### Input data
"""
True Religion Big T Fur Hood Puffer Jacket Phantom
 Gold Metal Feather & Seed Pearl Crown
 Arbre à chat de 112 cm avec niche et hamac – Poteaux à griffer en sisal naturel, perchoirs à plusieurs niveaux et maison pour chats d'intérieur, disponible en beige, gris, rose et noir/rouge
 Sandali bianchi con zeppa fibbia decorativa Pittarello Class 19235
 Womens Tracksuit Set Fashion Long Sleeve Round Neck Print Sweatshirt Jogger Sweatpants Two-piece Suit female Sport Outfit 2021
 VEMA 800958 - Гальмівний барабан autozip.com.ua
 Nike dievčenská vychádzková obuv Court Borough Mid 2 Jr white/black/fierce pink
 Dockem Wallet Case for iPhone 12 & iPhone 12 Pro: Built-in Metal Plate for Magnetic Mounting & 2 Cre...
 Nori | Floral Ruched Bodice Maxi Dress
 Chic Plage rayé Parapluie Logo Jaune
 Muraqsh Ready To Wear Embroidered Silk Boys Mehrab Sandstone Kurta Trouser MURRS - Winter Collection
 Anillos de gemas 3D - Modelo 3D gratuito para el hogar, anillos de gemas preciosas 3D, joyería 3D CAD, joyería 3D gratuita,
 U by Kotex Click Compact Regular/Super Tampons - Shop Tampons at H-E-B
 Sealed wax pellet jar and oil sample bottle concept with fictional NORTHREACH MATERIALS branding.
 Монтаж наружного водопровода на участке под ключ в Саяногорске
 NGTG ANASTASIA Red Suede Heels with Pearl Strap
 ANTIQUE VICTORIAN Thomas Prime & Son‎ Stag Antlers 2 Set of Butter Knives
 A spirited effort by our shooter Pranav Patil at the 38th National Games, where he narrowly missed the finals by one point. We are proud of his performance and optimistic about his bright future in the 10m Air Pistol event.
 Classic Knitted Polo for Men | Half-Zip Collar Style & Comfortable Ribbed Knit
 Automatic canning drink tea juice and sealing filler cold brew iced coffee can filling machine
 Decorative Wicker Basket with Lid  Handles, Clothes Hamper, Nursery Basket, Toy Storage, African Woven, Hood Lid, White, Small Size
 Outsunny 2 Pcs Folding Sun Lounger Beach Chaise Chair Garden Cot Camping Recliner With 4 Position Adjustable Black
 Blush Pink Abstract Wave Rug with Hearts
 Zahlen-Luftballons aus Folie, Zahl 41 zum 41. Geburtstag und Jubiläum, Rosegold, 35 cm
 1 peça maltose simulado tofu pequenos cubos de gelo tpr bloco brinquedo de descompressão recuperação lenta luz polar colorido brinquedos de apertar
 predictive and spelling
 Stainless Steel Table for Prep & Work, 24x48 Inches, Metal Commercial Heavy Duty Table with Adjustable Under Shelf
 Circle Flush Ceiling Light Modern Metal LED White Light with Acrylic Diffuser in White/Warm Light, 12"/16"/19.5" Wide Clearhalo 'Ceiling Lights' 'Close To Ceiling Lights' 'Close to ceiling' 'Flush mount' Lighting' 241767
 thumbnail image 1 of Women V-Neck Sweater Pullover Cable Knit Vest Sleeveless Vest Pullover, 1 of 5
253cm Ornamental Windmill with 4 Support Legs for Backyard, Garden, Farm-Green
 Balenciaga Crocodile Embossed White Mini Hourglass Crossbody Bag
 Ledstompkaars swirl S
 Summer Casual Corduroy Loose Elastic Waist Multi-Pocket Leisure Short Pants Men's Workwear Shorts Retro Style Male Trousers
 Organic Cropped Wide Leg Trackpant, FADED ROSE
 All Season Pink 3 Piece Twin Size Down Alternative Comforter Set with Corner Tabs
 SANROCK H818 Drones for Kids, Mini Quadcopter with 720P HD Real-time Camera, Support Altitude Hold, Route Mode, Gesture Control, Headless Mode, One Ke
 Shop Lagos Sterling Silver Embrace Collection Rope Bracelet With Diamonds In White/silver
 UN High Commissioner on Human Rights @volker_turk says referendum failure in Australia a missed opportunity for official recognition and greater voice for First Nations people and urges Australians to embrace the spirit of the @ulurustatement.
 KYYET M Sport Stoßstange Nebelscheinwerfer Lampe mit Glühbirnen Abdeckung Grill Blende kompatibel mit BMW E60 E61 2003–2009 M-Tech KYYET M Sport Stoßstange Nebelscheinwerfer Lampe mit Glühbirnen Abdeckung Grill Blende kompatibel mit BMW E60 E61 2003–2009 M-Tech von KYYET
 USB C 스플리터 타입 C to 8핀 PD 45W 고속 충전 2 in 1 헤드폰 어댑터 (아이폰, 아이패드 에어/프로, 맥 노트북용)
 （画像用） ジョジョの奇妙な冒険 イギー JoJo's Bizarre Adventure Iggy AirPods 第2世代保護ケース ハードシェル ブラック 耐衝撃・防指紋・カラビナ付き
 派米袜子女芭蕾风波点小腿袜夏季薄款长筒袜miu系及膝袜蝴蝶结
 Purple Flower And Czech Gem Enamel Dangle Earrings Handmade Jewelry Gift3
"""
### Assigned task
Would you retype exactly the lines above, from the line with "Blush Pink Abstract Wave Rug with Hearts" to the line with "predictive and spelling", with both end lines kept and nothing more?

### Your solution
 Blush Pink Abstract Wave Rug with Hearts
 Zahlen-Luftballons aus Folie, Zahl 41 zum 41. Geburtstag und Jubiläum, Rosegold, 35 cm
 1 peça maltose simulado tofu pequenos cubos de gelo tpr bloco brinquedo de descompressão recuperação lenta luz polar colorido brinquedos de apertar
 predictive and spelling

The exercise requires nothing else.